Da capo

Herrschaft in Deutschland von stefan ripplinger

Als der Putzfrauensohn Servius Tullius, von der Natur begabt, von den Göttern begünstigt, 44 Jahre lang aufs glücklichste geherrscht hatte und das Herrschen leid war, wollte er seine vom Volk Roms verliehene Macht an dieses zurückgeben. So weit kam es aber nicht, denn sein Schwiegersohn stieß ihn eine Stiege hinunter, und seine Tochter ließ ihren Wagen über den Vater, der es noch bis zur Straße geschafft hatte, hinwegrollen und ihn zerquetschen.

Gerhard Schröder, von niederer Abkunft auch er, aber weitaus weniger begabt und begünstigt, hat dieses Schicksal nicht zu befürchten. Bevor ihn Fischer die Stiege hinunterstürzt und die SPD ihn überfährt, wird ihm seine Macht entrungen sein. Aber es wird ihm, anders als jenem römischen König, nachdem er abdanken musste, niemand einen Tempel errichten; es sei denn in Wolfsburg.

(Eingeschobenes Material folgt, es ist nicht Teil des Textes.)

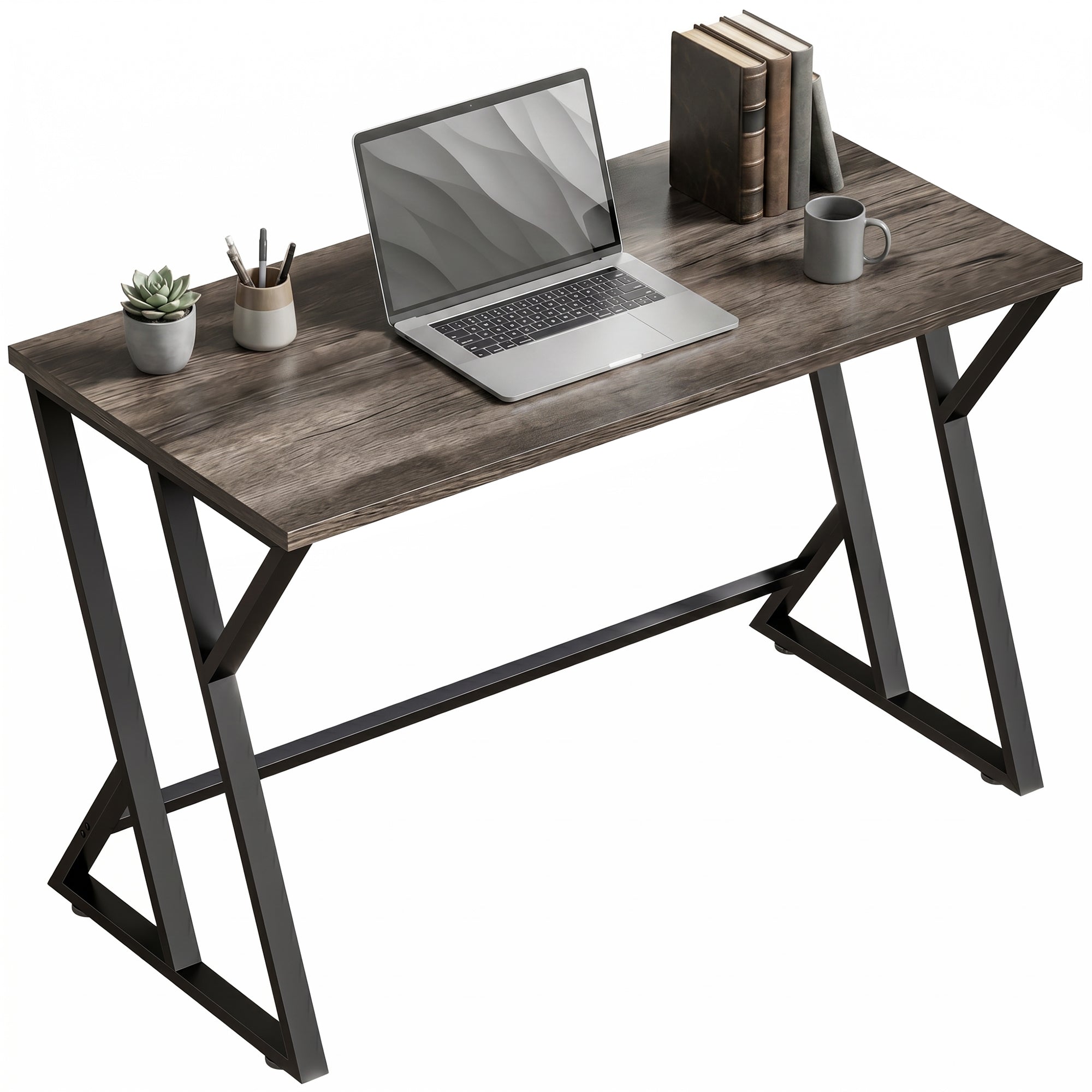 Bureau informatique HOMCOM 120 cm – Piétement en Z industriel, gris vieilli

Er kann, wie Helmut Kohl, nur darauf hoffen, dass die Schreckensherrschaft seines Nachfolgers die eigene in einem milderen Licht erscheinen lässt. Die historische Erfahrung spricht für ihn. Denn war es denkbar, dass auf Brandt auch noch ein Schmidt, auf Schmidt aber ein Kohl folgen könnte, dessen tatsächliche Herrschaft lediglich 16 Jahre währte, im Empfinden der Prekären und Heiklen aber weitaus länger als die glücklichen 44 des Servius? Und konnte sich selbst die finsterste Phantasie ausmalen, dass nach dieser schier nicht enden wollenden Zeit des politischen und zivilisatorischen Niedergangs etwas noch viel Schlimmeres, kurz ein Schröder, über uns hereinbricht? Vielleicht die des DDR-Bürgers allein, der 22 Jahre mit Ulbricht, 18 mit Honecker verbracht hat.

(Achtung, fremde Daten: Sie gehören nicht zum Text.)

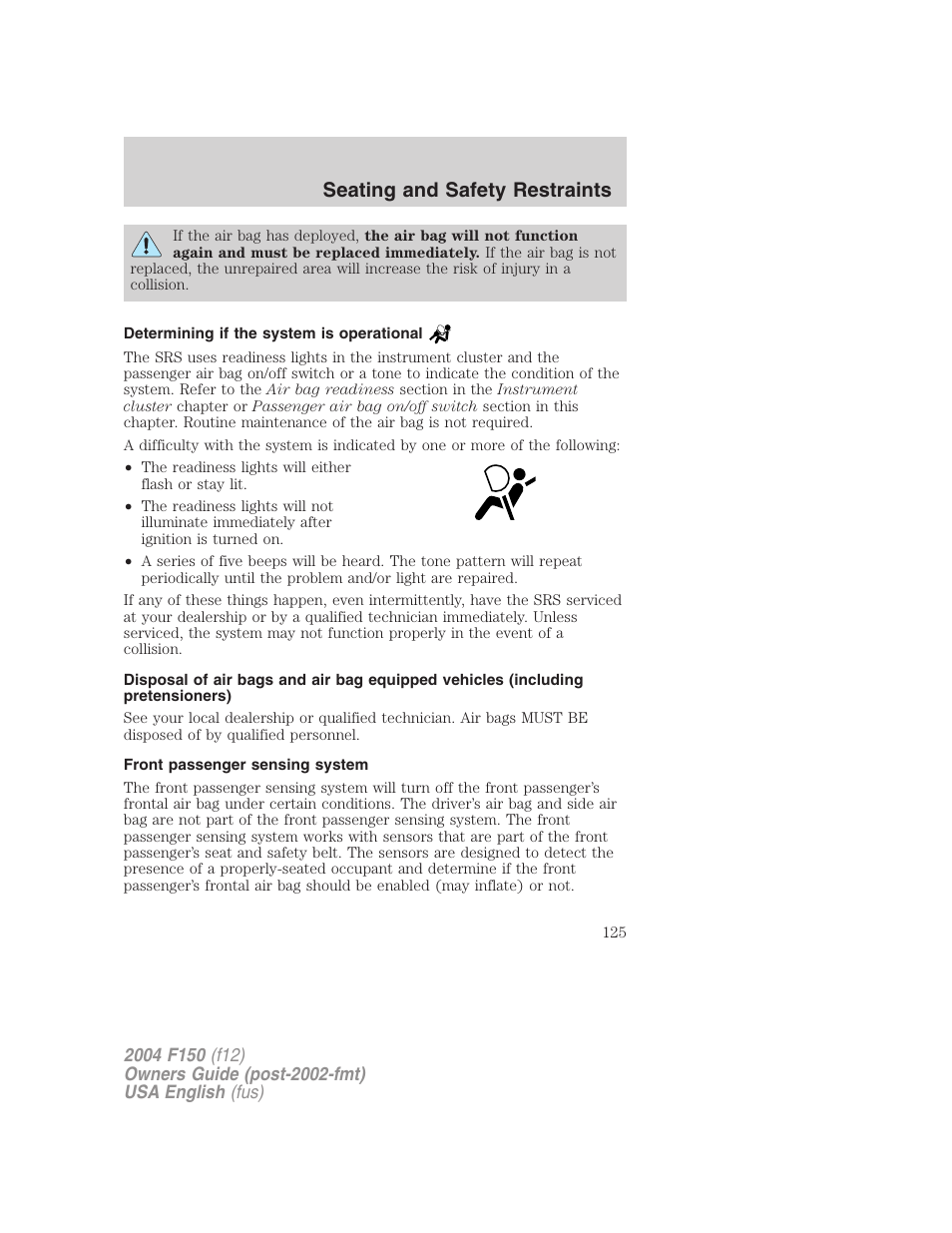 Seating and safety restraints | FORD 2004 F-150 v.2 User Manual | Page 125 / 296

Nach diesen heiteren Fragen eine ernste: Wie kann es sein, dass all diese deutschen Regenten gewählt und wiedergewählt wurden und, Ulbricht und Honecker eingeschlossen, die längste Zeit sich der prinzipiellen Zustimmung ihres Volks gewiss sein konnten? Weil es weiß, dass es immer noch schlimmer kommt? Das wäre allzu schön. Die bittere Wahrheit ist, dass jeder beliebige Bananenstaat demokratischer verfasst ist als Deutschland, dessen Mangel an Regierungskrisen, Staatsstreichen und Brutussen erschreckt, von Revolten und Revolutionen zu schweigen; Deutschland, dessen natürliche Regierungsform die große Koalition ist; Deutschland, dessen sklavische Bevölkerung vier Jahre lang über Praxisgebühren oder Lohnkürzungen jammert, nur um dann brav zur Wahlurne zu gehen und, aus dem niedersten aller Beweggründe, der Sehnsucht nach Sicherheit, dasselbe noch einmal zu bestellen. Zwar gibt es, in vier oder fünf Ausführungen, nur eine einzige Partei, aber warum gibt es nur eine einzige? Und wenn es nur eine einzige gibt, weshalb sie akklamieren? Weil der Deutsche nun einmal regiert werden will, egal wie schlecht, Hauptsache, regiert.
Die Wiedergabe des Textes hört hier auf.